Classification measure Zoo

https://en.wikipedia.org/wiki/Precision_and_recall

Multi-class classification#

Train models per class : one class viewed as positive, other(s) als negative, then average
- micro-averaging: count total TP, FP, TN, FN (every sample equally important)
  - micro-precision, micro-recall, micro-F1, accuracy are all the same $$\text{Precision:} \frac{\sum_{c=1}^C\text{TP}_c}{\sum_{c=1}^C\text{TP}_c + \sum_{c=1}^C\text{FP}_c} \xrightarrow{c=2} \frac{\text{TP} + \text{TN}}{\text{TP} + \text{TN} + \text{FP} + \text{FN}}$$
- macro-averaging: average of scores $R(y_c,\hat{y_c})$ obtained on each class
  - Preferable for imbalanced classes (if all classes are equally important)
  - macro-averaged recall is also called balanced accuracy $$\frac{1}{C} \sum_{c=1}^C R(y_c,\hat{y_c})$$
- weighted averaging ($w_c$: ratio of examples of class $c$, aka support): $\sum_{c=1}^C w_c R(y_c,\hat{y_c})$

../_images/6d14c120d944214df54db39e43bcad07eb517bd7ddd3446f753b1a38c0a2056c.png

../_images/acd9e1619b5939d9d31cfd85a92300ad741ca74aa96a09f67cd78dd9b54a5294.png

../_images/517a25bcec5525795b79d1a0151ff3e3c7eabc0bbf13fb9c1ebbae0677cdfab7.png

Other useful classification metrics#

Cohen’s Kappa
- Measures ‘agreement’ between different models (aka inter-rater agreement)
- To evaluate a single model, compare it against a model that does random guessing
  - Similar to accuracy, but taking into account the possibility of predicting the right class by chance
- Can be weighted: different misclassifications given different weights
- 1: perfect prediction, 0: random prediction, negative: worse than random
- With $p_0$ = accuracy, and $p_e$ = accuracy of random classifier: $$\kappa = \frac{p_o - p_e}{1 - p_e}$$
Matthews correlation coefficient
- Corrects for imbalanced data, alternative for balanced accuracy or AUROC
- 1: perfect prediction, 0: random prediction, -1: inverse prediction $$MCC = \frac{tp \times tn - fp \times fn}{\sqrt{(tp + fp)(tp + fn)(tn + fp)(tn + fn)}}$$

Probabilistic evaluation#

Classifiers can often provide uncertainty estimates of predictions.
Remember that linear models actually return a numeric value.
- When $\hat{y}<0$, predict class -1, otherwise predict class +1 $$\hat{y} = w_0 * x_0 + w_1 * x_1 + ... + w_p * x_p + b $$
In practice, you are often interested in how certain a classifier is about each class prediction (e.g. cancer treatments).
Most learning methods can return at least one measure of confidence in their predicions.
- Decision function: floating point value for each sample (higher: more confident)
- Probability: estimated probability for each class

The decision function#

In the binary classification case, the return value of the decision function encodes how strongly the model believes a data point belongs to the “positive” class.
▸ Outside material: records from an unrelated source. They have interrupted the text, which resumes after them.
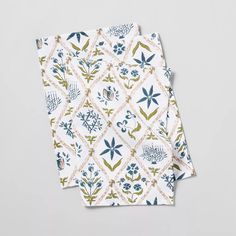 two napkins with blue and green floral designs on them, one is folded to the side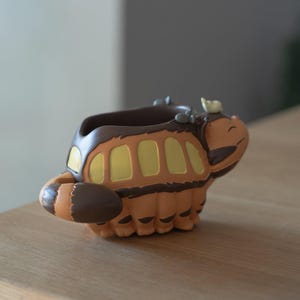 May include: A whimsical, orange and brown planter shaped like a cartoon character. The planter has a bus-like design with yellow window details and a smiling face. The tail and head feature darker brown accents, adding depth to the design.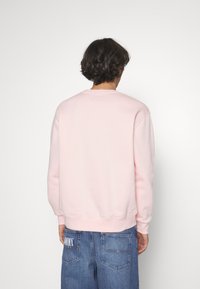 Sudadera rosa claro con cuello redondo, mangas largas y puños y dobladillo acanalados. Combinada con jeans de mezclilla azules que presentan un logo en la parte trasera.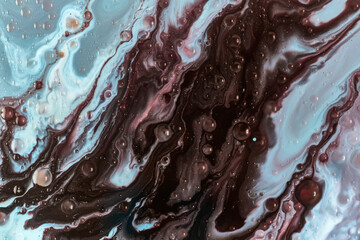 Abstract macro of dark brown and blue swirling fluid texture. Great for backgrounds, luxury product packaging, textile prints, and web banners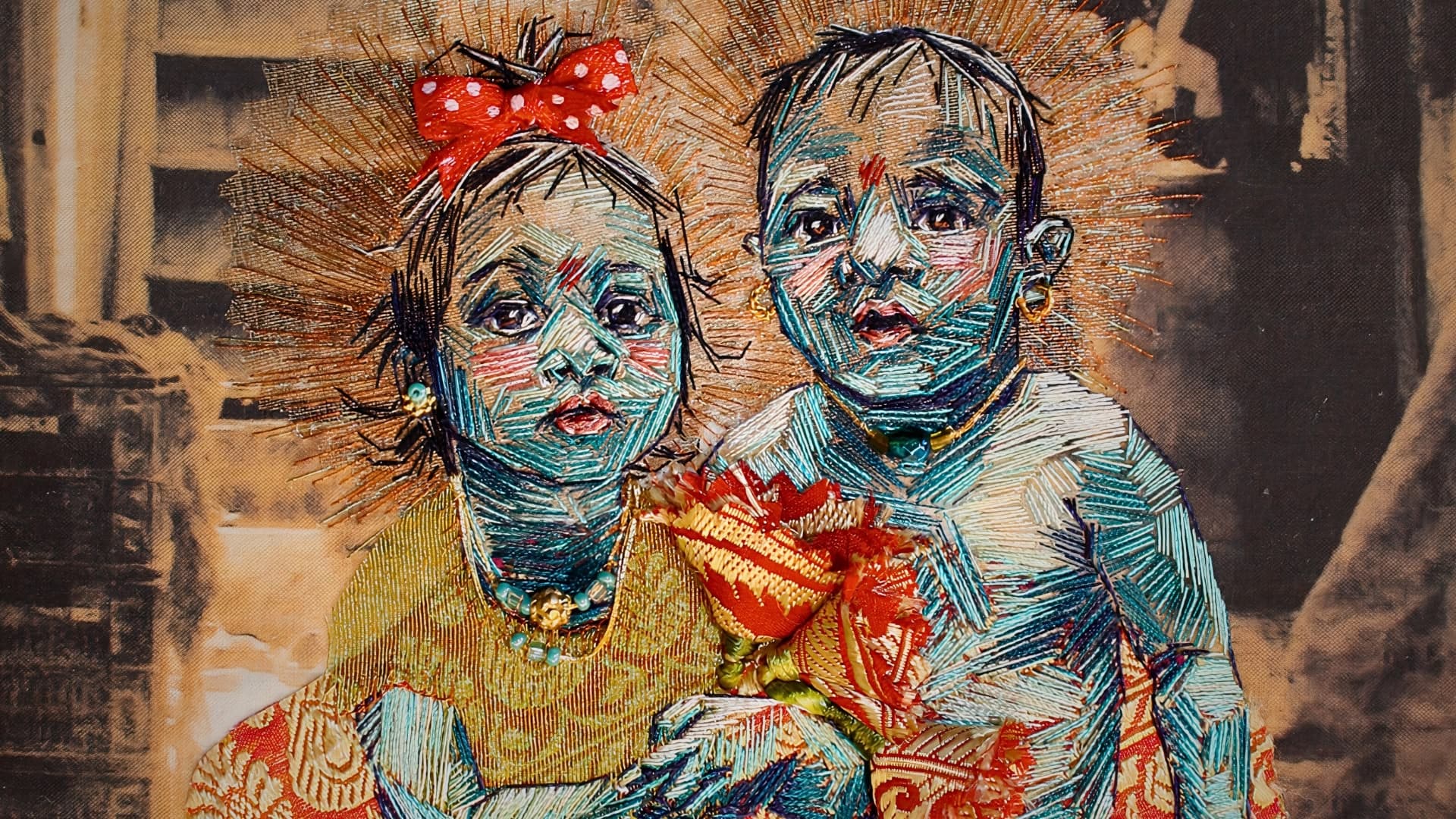 a close up of a embroidery of a boy and girl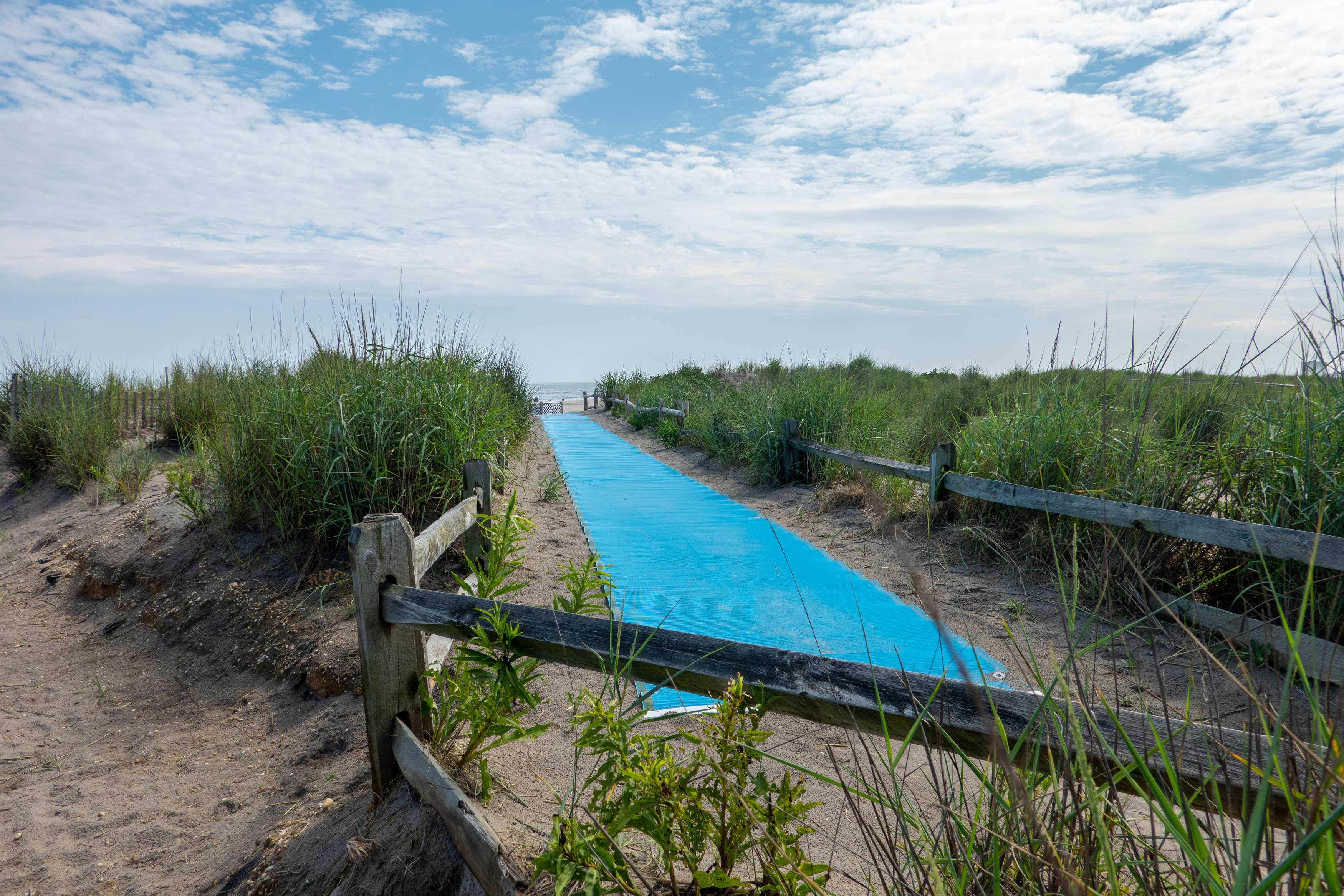 Image of a blue accessible beach mat in between dunes.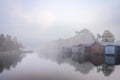 Boat huts on the lake in Plau in the Mecklenburg Lake District in Germany in the fog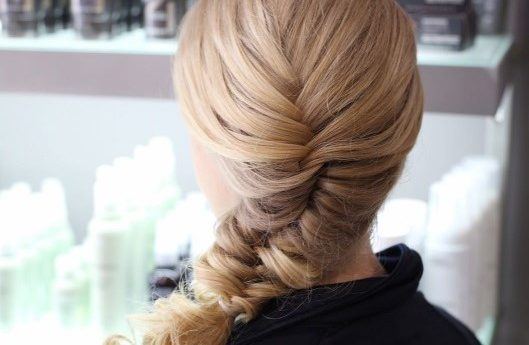 blonde woman with a side fishtail braid hairstyle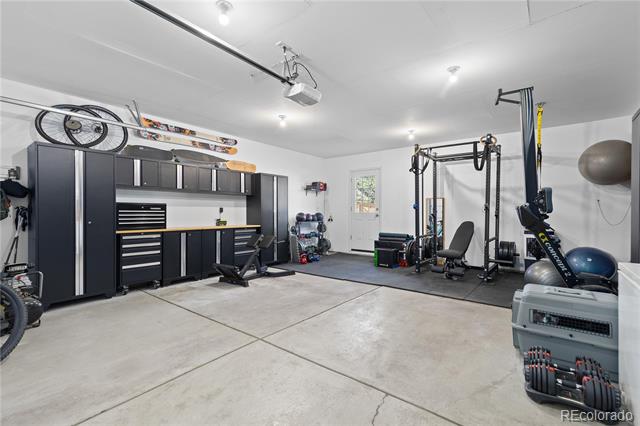 Garage home gym with dark built-in cabinets, exercise equipment, and a wide concrete floor.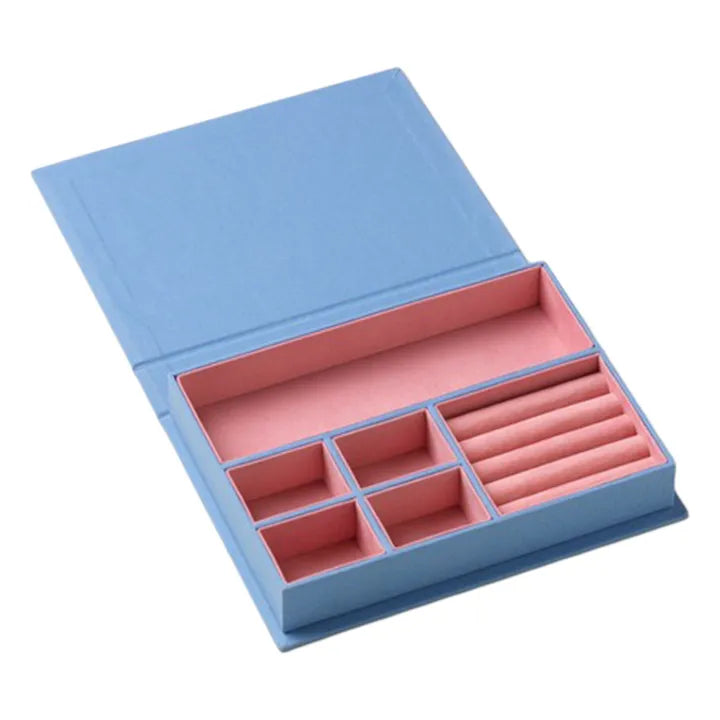Sassy jewellery box in blue and pink with book-inspired design and organised compartments for jewellery storage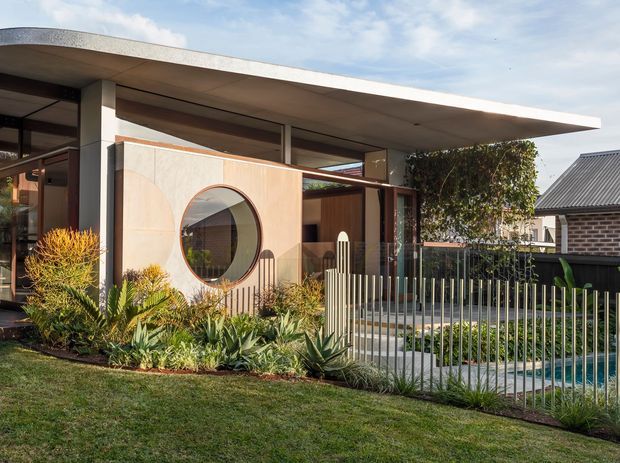 Single-storey modern residential facade with a broad low-slung flat roof, extensive glazing, and a distinctive pale timber or timber-look entry screen featuring a large circular window. A landscaped front garden with grasses and sculptural planting sits behind a slim vertical metal fence, with a paved path leading to the entrance. A neighbouring brick house is visible in the background.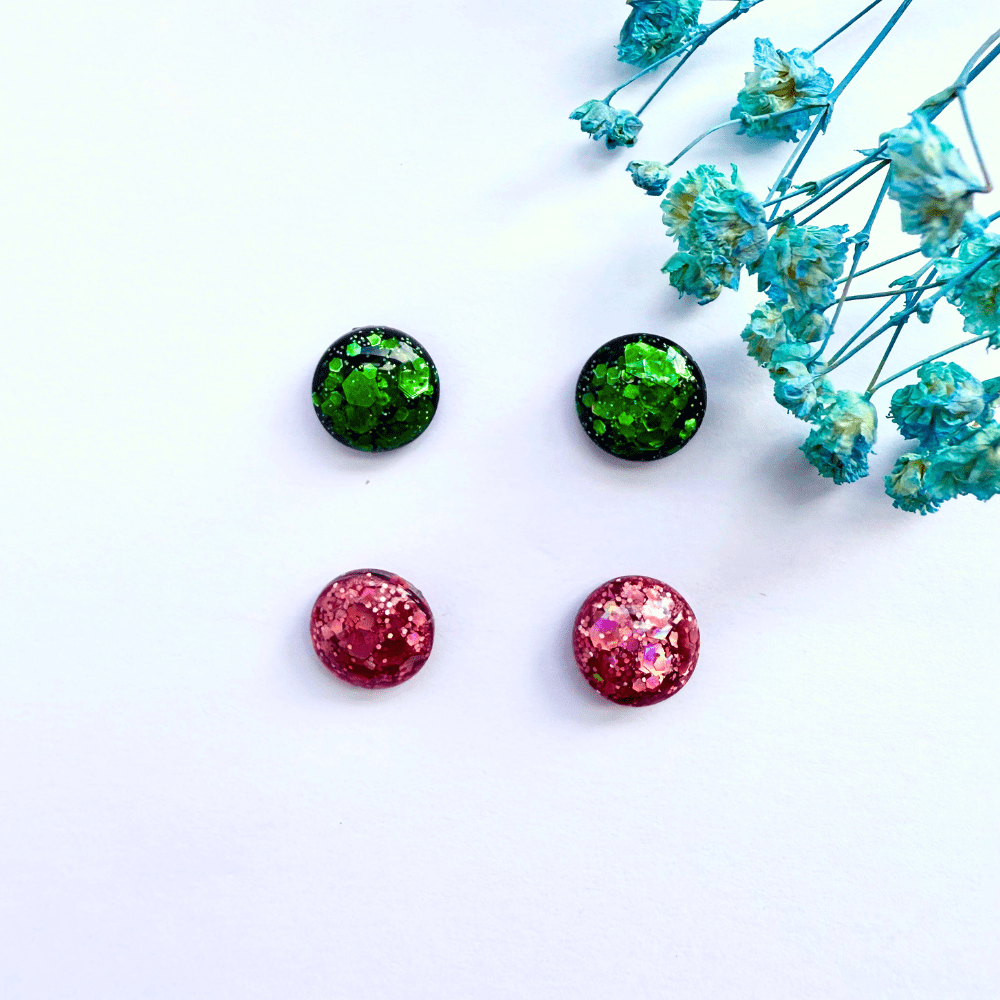 Handmade emerald green glitter resin stud earrings and pink glitter resin stud earrings with hypoallergenic surgical steel pin and back – bold and sparkly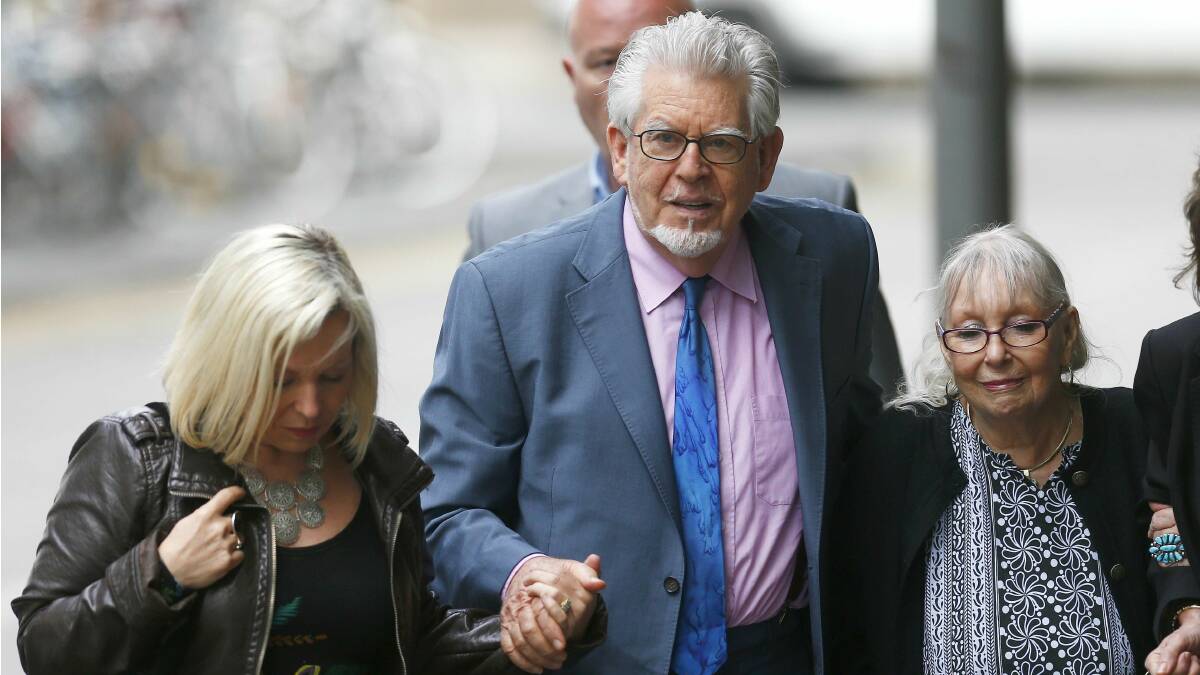 Entertainer Rolf Harris arrives with his daughter Bindi and wife Alwen Hughes at Southwark Crown Court in London May 20. Picture: REUTERS/Andrew Winning 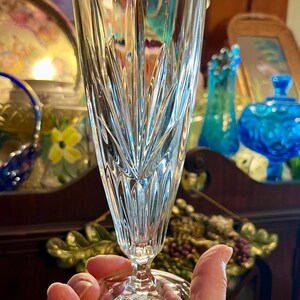 Peut inclure: Un fl&ucirc;te &agrave; champagne en cristal transparent avec un motif grav&eacute; vertical d&eacute;taill&eacute;. Le verre est tenu par une main, et une &eacute;tiquette dor&eacute;e avec du texte est visible sur la base. L'arri&egrave;re-plan comprend d'autres verreries d&eacute;coratives.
Positive values indicate preference for the positive class.
The range can be arbitrary, and can be affected by hyperparameters. Hard to interpret.

../_images/66b57710eec4c55f10717d2d550b8ae9498541b841132b527aaf6f0ae51fc50b.png

Predicting probabilities#

Some models can also return a probability for each class with every prediction. These sum up to 1. We can visualize them again. Note that the gradient looks different now.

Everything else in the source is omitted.